Short web captions
[Start of Attachment]
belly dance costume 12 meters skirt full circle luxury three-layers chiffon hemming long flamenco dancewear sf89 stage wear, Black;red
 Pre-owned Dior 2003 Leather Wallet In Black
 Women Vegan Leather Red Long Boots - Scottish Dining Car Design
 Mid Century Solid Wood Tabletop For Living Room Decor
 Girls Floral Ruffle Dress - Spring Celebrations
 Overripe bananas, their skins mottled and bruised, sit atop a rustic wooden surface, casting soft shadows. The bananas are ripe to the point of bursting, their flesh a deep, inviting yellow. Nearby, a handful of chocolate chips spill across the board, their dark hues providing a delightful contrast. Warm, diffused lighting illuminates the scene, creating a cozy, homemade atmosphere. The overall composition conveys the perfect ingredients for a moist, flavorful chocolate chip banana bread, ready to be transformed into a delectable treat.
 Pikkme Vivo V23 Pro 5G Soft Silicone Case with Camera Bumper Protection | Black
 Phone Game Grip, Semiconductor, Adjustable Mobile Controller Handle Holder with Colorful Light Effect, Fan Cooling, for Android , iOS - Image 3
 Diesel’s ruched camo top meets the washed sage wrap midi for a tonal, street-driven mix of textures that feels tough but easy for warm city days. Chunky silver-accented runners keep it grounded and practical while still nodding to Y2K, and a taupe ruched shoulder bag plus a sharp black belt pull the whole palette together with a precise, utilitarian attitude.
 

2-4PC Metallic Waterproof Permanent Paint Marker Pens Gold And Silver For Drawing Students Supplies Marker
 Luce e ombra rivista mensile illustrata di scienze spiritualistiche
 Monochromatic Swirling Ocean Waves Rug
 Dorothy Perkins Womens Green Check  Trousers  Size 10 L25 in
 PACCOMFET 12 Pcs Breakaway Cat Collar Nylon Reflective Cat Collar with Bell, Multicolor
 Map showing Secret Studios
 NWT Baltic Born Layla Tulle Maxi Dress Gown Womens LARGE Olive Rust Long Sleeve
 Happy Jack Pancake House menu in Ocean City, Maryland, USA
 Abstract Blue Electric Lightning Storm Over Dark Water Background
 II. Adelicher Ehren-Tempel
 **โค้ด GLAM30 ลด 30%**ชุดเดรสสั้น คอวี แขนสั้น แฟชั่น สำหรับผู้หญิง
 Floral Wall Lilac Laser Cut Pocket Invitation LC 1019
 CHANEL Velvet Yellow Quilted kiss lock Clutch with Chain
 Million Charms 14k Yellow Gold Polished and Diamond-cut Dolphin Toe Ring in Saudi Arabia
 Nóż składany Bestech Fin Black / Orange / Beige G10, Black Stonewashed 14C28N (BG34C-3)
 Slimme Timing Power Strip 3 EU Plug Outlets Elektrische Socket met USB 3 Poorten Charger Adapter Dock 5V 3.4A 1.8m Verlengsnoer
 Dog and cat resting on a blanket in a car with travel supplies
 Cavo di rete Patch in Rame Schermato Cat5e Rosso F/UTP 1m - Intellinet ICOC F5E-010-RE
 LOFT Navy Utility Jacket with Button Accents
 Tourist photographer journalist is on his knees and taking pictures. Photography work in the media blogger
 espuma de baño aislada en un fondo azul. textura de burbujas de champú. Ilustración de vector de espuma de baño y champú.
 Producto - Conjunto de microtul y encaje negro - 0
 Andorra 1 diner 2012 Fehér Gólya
[End of Attachment]
WORK REQUIRED:
Each line above should be duplicated without any alteration.

YOUR RESPONSE:
belly dance costume 12 meters skirt full circle luxury three-layers chiffon hemming long flamenco dancewear sf89 stage wear, Black;red
 Pre-owned Dior 2003 Leather Wallet In Black
 Women Vegan Leather Red Long Boots - Scottish Dining Car Design
 Mid Century Solid Wood Tabletop For Living Room Decor
 Girls Floral Ruffle Dress - Spring Celebrations
 Overripe bananas, their skins mottled and bruised, sit atop a rustic wooden surface, casting soft shadows. The bananas are ripe to the point of bursting, their flesh a deep, inviting yellow. Nearby, a handful of chocolate chips spill across the board, their dark hues providing a delightful contrast. Warm, diffused lighting illuminates the scene, creating a cozy, homemade atmosphere. The overall composition conveys the perfect ingredients for a moist, flavorful chocolate chip banana bread, ready to be transformed into a delectable treat.
 Pikkme Vivo V23 Pro 5G Soft Silicone Case with Camera Bumper Protection | Black
 Phone Game Grip, Semiconductor, Adjustable Mobile Controller Handle Holder with Colorful Light Effect, Fan Cooling, for Android , iOS - Image 3
 Diesel’s ruched camo top meets the washed sage wrap midi for a tonal, street-driven mix of textures that feels tough but easy for warm city days. Chunky silver-accented runners keep it grounded and practical while still nodding to Y2K, and a taupe ruched shoulder bag plus a sharp black belt pull the whole palette together with a precise, utilitarian attitude.
 

2-4PC Metallic Waterproof Permanent Paint Marker Pens Gold And Silver For Drawing Students Supplies Marker
 Luce e ombra rivista mensile illustrata di scienze spiritualistiche
 Monochromatic Swirling Ocean Waves Rug
 Dorothy Perkins Womens Green Check  Trousers  Size 10 L25 in
 PACCOMFET 12 Pcs Breakaway Cat Collar Nylon Reflective Cat Collar with Bell, Multicolor
 Map showing Secret Studios
 NWT Baltic Born Layla Tulle Maxi Dress Gown Womens LARGE Olive Rust Long Sleeve
 Happy Jack Pancake House menu in Ocean City, Maryland, USA
 Abstract Blue Electric Lightning Storm Over Dark Water Background
 II. Adelicher Ehren-Tempel
 **โค้ด GLAM30 ลด 30%**ชุดเดรสสั้น คอวี แขนสั้น แฟชั่น สำหรับผู้หญิง
 Floral Wall Lilac Laser Cut Pocket Invitation LC 1019
 CHANEL Velvet Yellow Quilted kiss lock Clutch with Chain
 Million Charms 14k Yellow Gold Polished and Diamond-cut Dolphin Toe Ring in Saudi Arabia
 Nóż składany Bestech Fin Black / Orange / Beige G10, Black Stonewashed 14C28N (BG34C-3)
 Slimme Timing Power Strip 3 EU Plug Outlets Elektrische Socket met USB 3 Poorten Charger Adapter Dock 5V 3.4A 1.8m Verlengsnoer
 Dog and cat resting on a blanket in a car with travel supplies
 Cavo di rete Patch in Rame Schermato Cat5e Rosso F/UTP 1m - Intellinet ICOC F5E-010-RE
 LOFT Navy Utility Jacket with Button Accents
 Tourist photographer journalist is on his knees and taking pictures. Photography work in the media blogger
 espuma de baño aislada en un fondo azul. textura de burbujas de champú. Ilustración de vector de espuma de baño y champú.
 Producto - Conjunto de microtul y encaje negro - 0
 Andorra 1 diner 2012 Fehér Gólya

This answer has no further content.